The BBC reports that the Vice Chairman of the IPCC has just admitted the obvious: the IPCC’s terrifying prediction that the Himalayan glaciers would melt by 2035 is wrong.
And not just a little bit wrong. Totally, catastrophically, eye-poppingly, inexcusably and blatantly wrong.
Readers of this blog knew this was coming; the consequences have yet to unravel.
So far, the IPCC stands by its story: this is an isolated, meaningless error that in no way impugns the case for global warming. That may well be true; but it utterly undermines the case for the IPCC as a respectable and reliable body, and it pretty much ends the chance of meaningful climate action anytime soon.

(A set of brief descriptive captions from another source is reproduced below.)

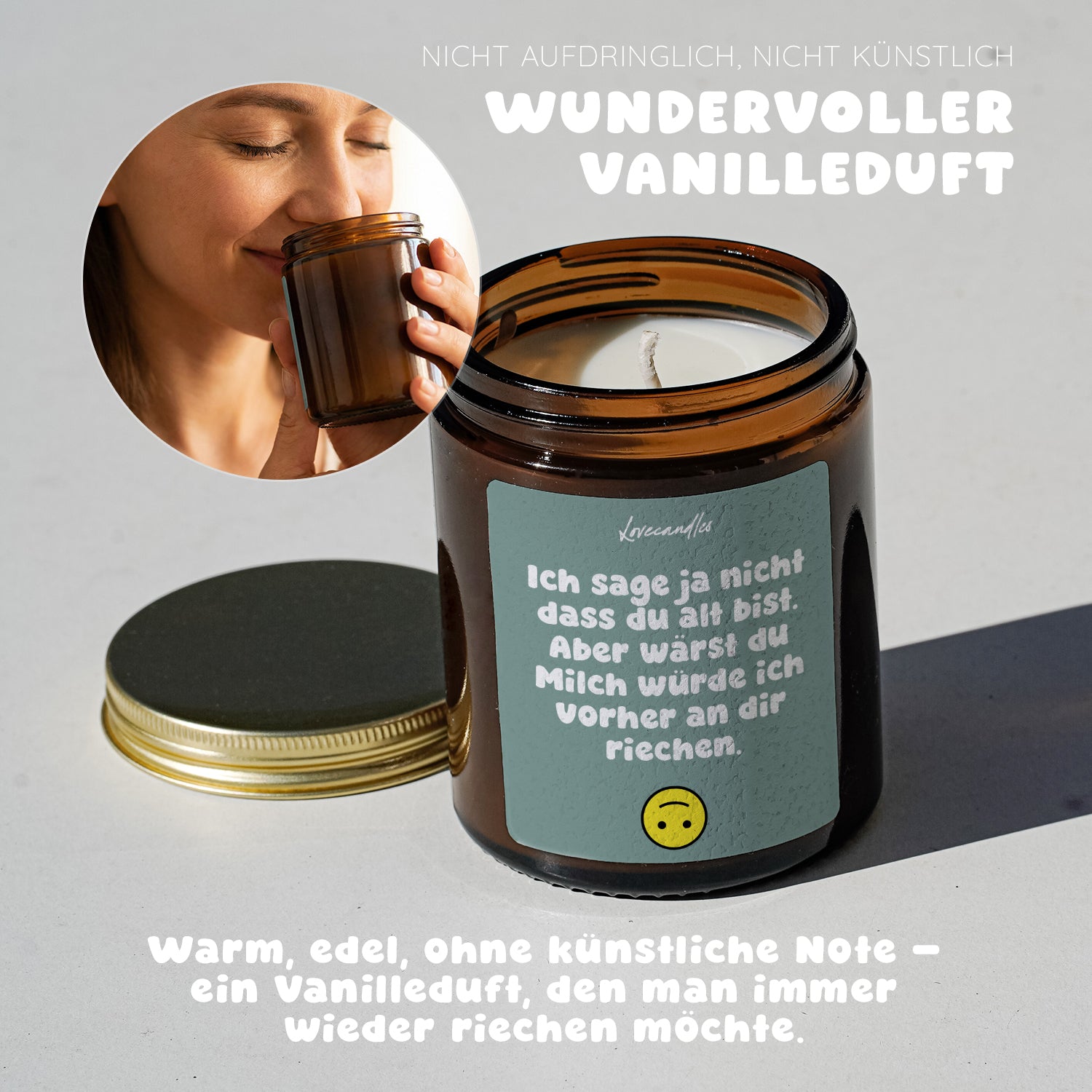 Ich sage ja nicht dass du alt bist. Aber wärst du Milch würde ich vorher an dir riechen - Duftkerze mit Spruch als Geschenk für Geburtstag, Männer und Frauen, Lustige Vanille Duftkerzen im Glas - Bild 4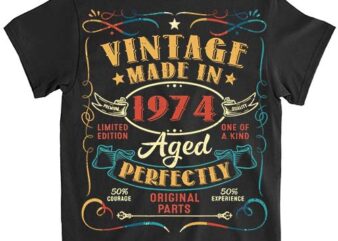 Vintage 50th Birthday Decorations Men Funny 1974 50 Birthday T-Shirt ltsp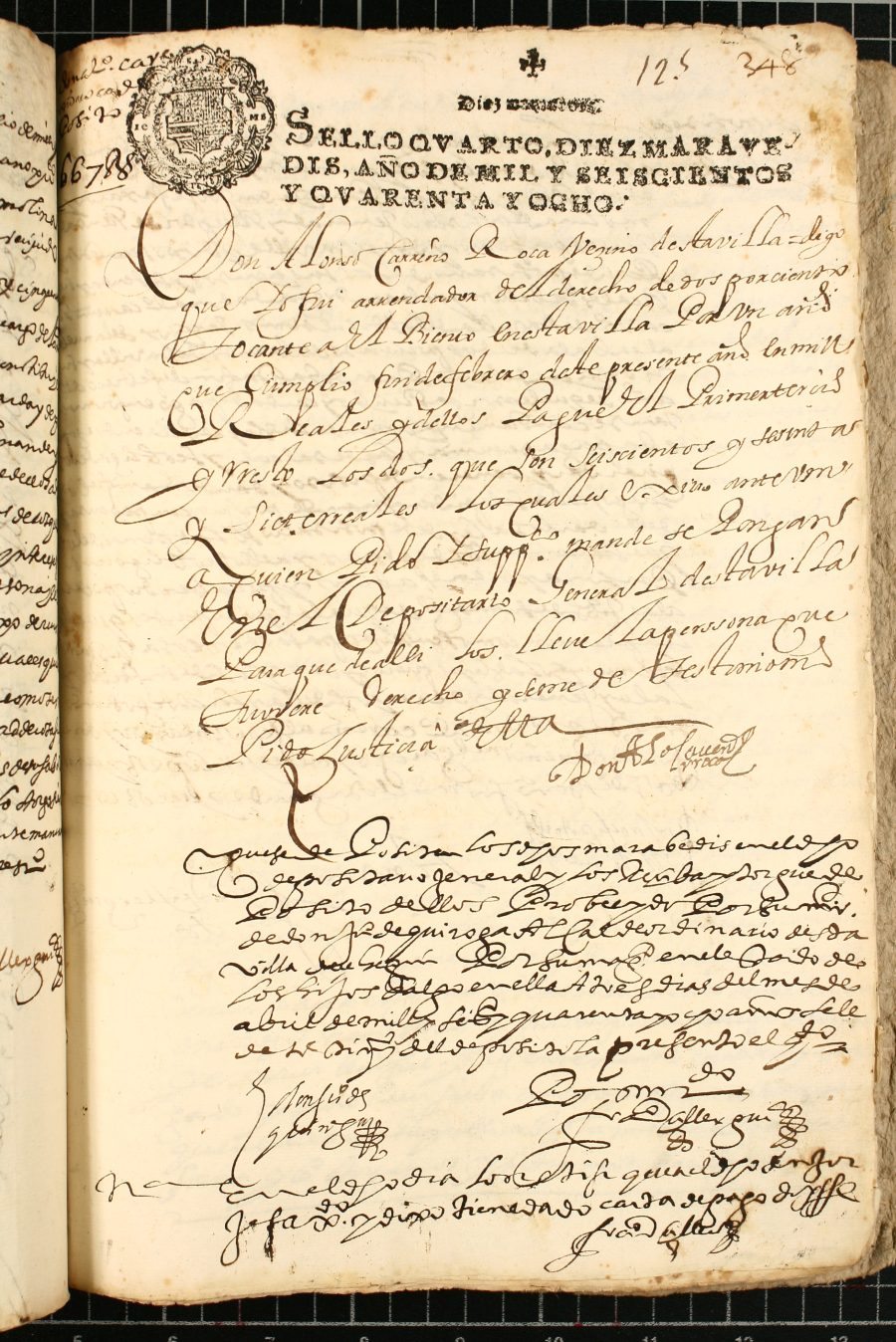 Depósito realizado por Alonso Carreño Roca, vecino de Cehegín y arrendador del derecho del 2% del viento durante un año que cumplió en febrero de 1648, al depositario general.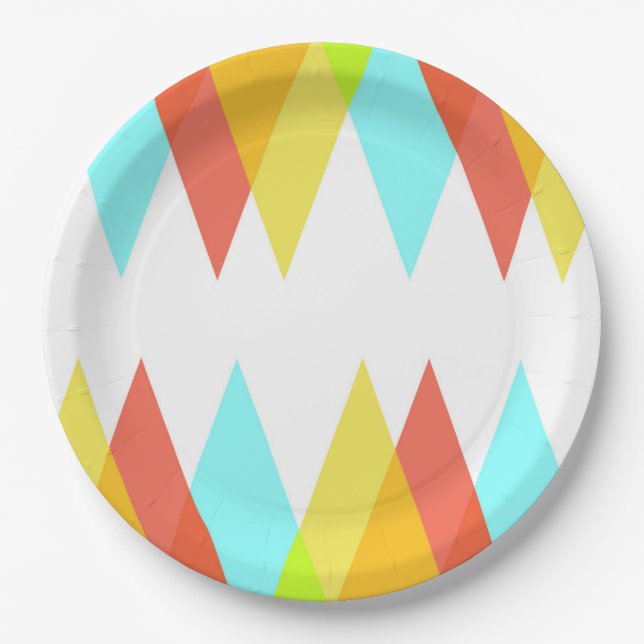 Yellow, red and cadet blue triangles paper plate (Front)
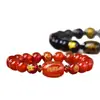 Obsidiana Natural Ágata Roja Nuevo Zodiaco Zodiaco Buming Buda Pulsera Hombre y Mujer Dios Guardián Escritura Cuerda de Dinero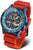 Montre homme avec cadran bleu et bracelet en silicone rouge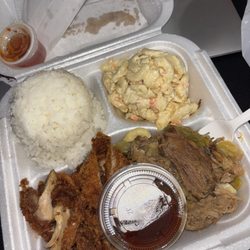 Pupule Hawaiian BBQ - Chicken katsu & kalua pig w/ Mac salad & rice!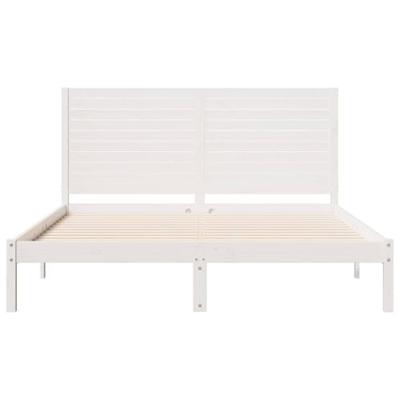 Bedframe extra lang zonder matras massief hout wit 140x220 cm
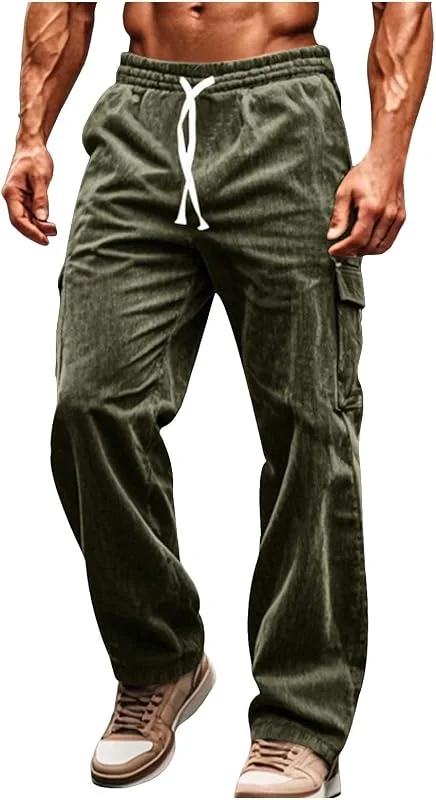 Freizeithose Herren Cord Cargohose Outdoor Jogginghose Laufhose Stoffhose — Heizkleidung
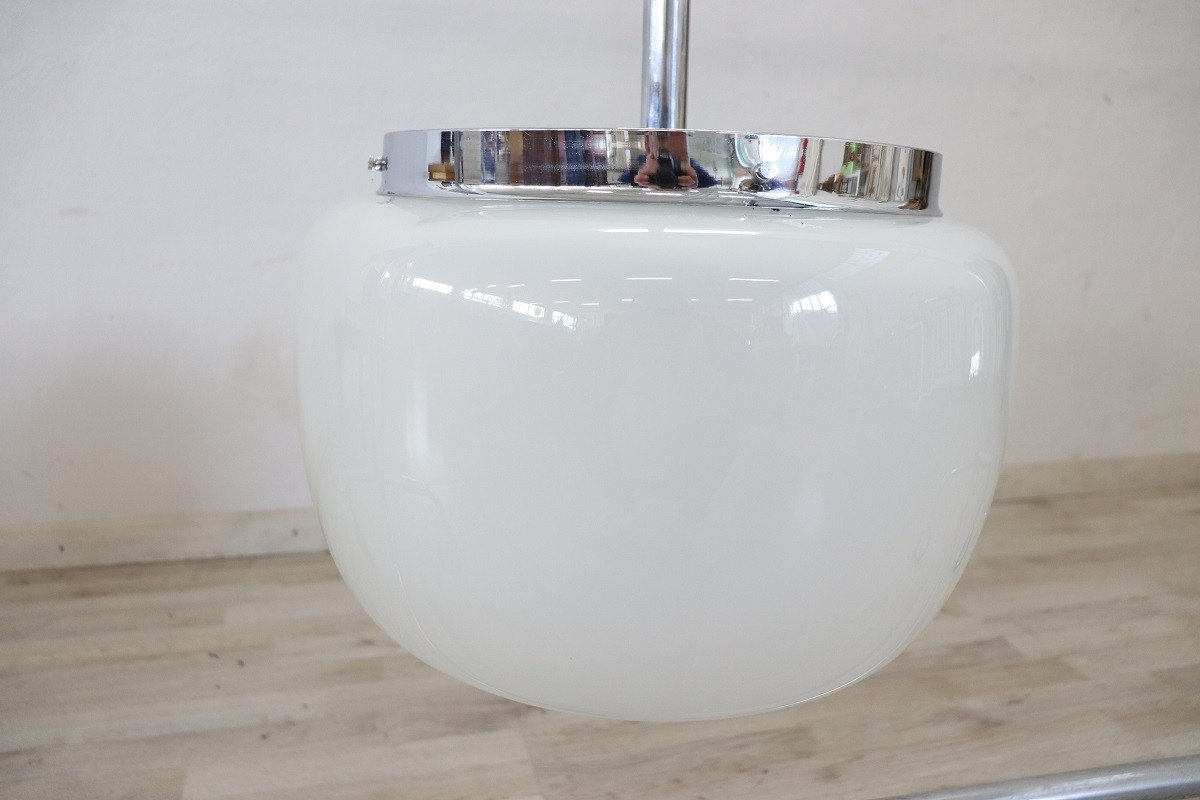 Opaline Glass And Chrome Pendant Light, 1960s-photo-4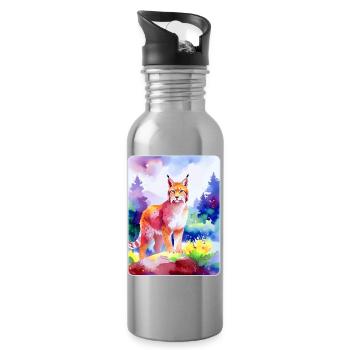 Luchs im Bergwald (Aquarell) - Trinkflasche mit integriertem Trinkhalm - Lightsilver - Rechts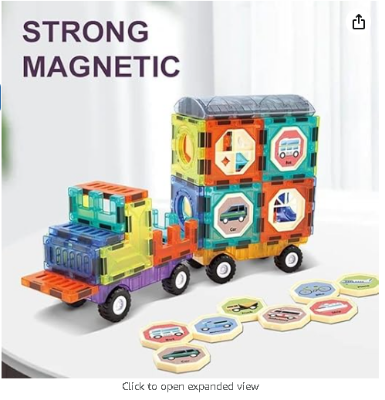 Picture of Massive Reckon® 41 Pcs Magnetic Tiles & Blocks Stem Learning Building Block Set, Educational Toys for Boys & Girls - (Multicolor)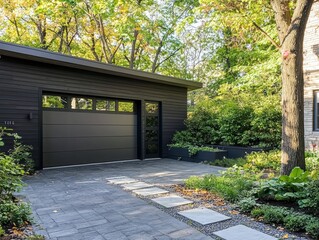 Fototapeta premium Modern Garage with Stone Path: A contemporary, minimalist garage featuring a sleek black exterior with a large windowed garage door, set against a backdrop of lush greenery and a stone pathway.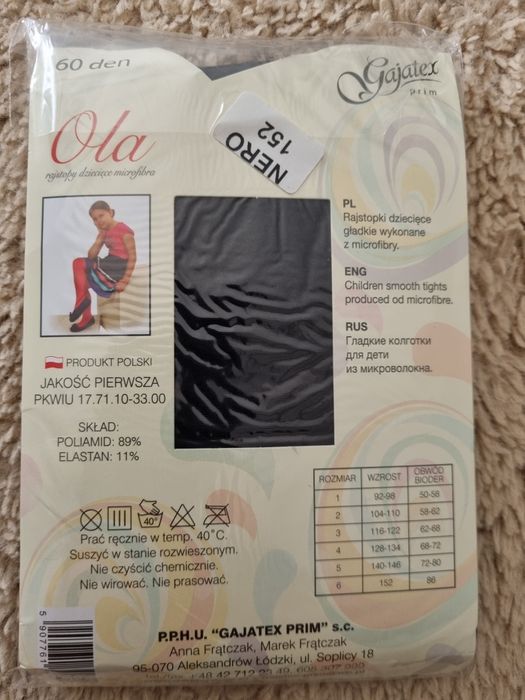 Rajstopy dziewczęce rozm.152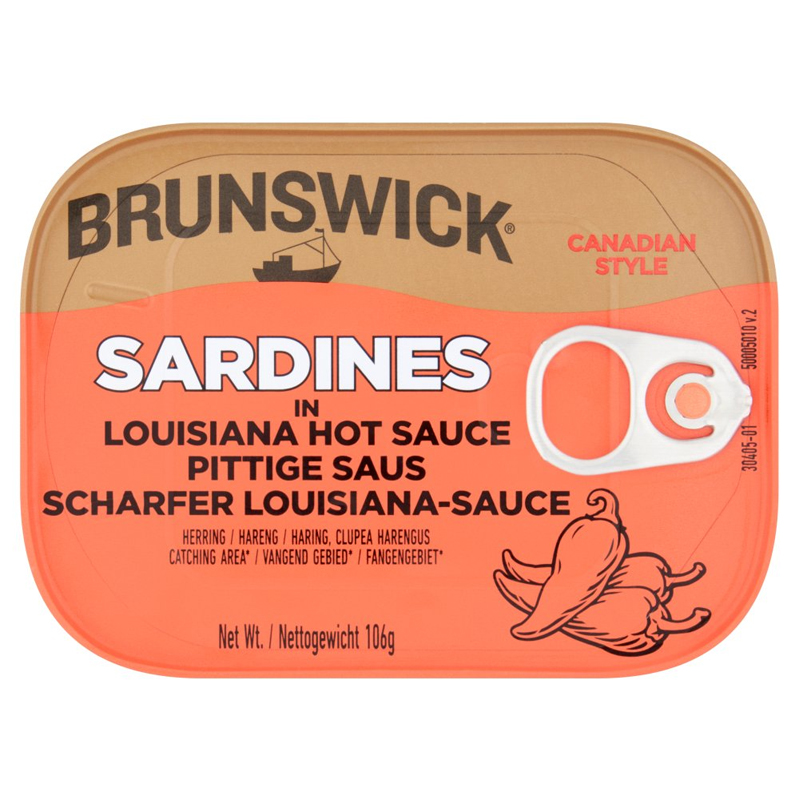 Brunswicks Sardines in Louisiana hot Sauce 106g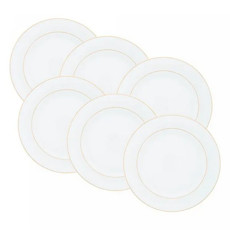 Imagem de CONJUNTO 6 PRATOS PARA SOBREMESA DE PORCELANA COM FIO DE OURO MÔNACO BRANCO 19CM X 2CM - Rojemac Impotacao E Exportacao Ltda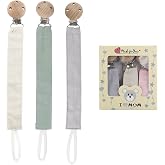RUBY 3 Pieces Dummy Chain Kit Pacifier Holder, Set of Fabric Pacifier with Natural Beech Wood Clip, Baby Gift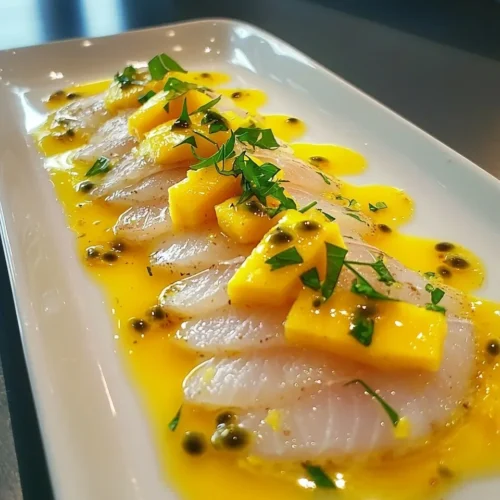 Carpaccio de Daurade à la Mangue Exquis 5 Carpaccio de Daurade à la Mangue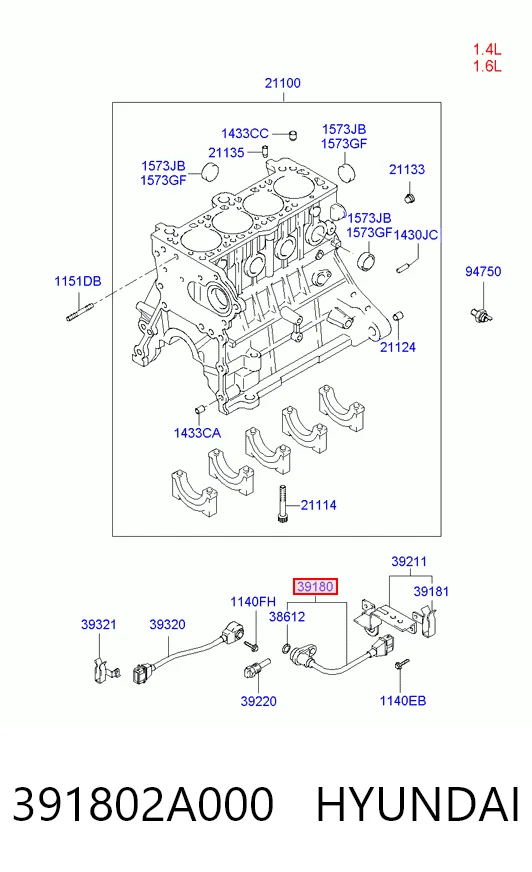 391802A000 Hyundai/Kia Sensor de posição (de revoluções) de cambota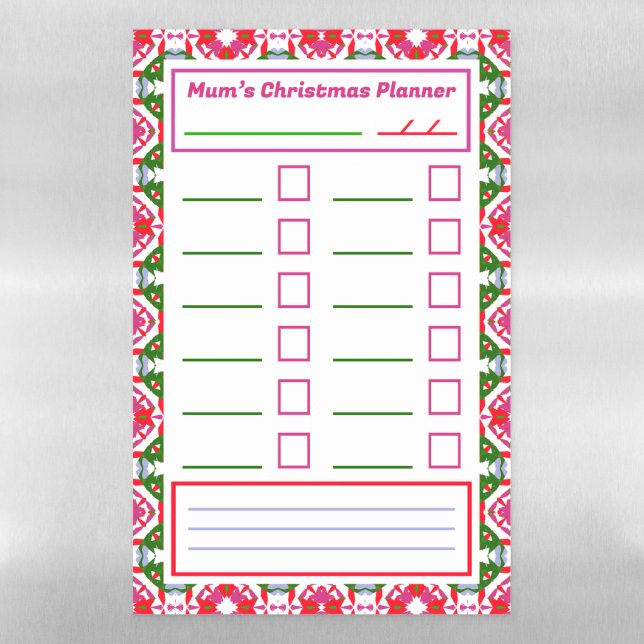 Christmas Task Tracker To Do List Planner Fridge Magnetic Dry Erase Sheet (Vertical)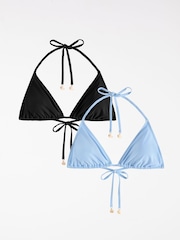 Friends Like These Black Triangle Triangle Tie Side Bikini Top With Shell Trim - Image 1 of 7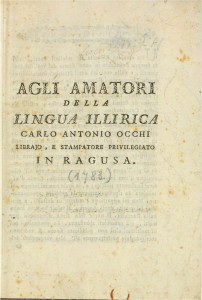 Agli amatori della lingua illirica   / Carlo Antonio Occhi.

For the IPCC bureaucrats, the error was a detail: “I don’t see how one mistake in a 3,000-page report can damage the credibility of the overall report,” said Dr. Jean-Pascal van Ypersele, the Vice Chairman of the IPCC.
This is pathetic. As the BBC (which, unlike the U.S. media, has been following this story for more than a month) points out, the error was called to the attention of the panel more than once.
More, the prediction that the Himalayan glaciers would disappear in 25 years was perhaps the single most dramatic and explosive prediction in the entire report. It meant that the rivers on which hundreds of millions of people depend for water and agriculture and industry in India, Pakistan and large swathes of China would disappear in a generation.
To make a prediction like that carelessly is inexcusably irresponsible.
Indian and Chinese political leaders will take note: the IPCC is ready to threaten their countries with hideous catastrophes in the immediate future with no evidence and no fact checking.
The U.S. media by and large is still ignoring this story; let’s see if a public admission of error reported by the BBC gets any attention.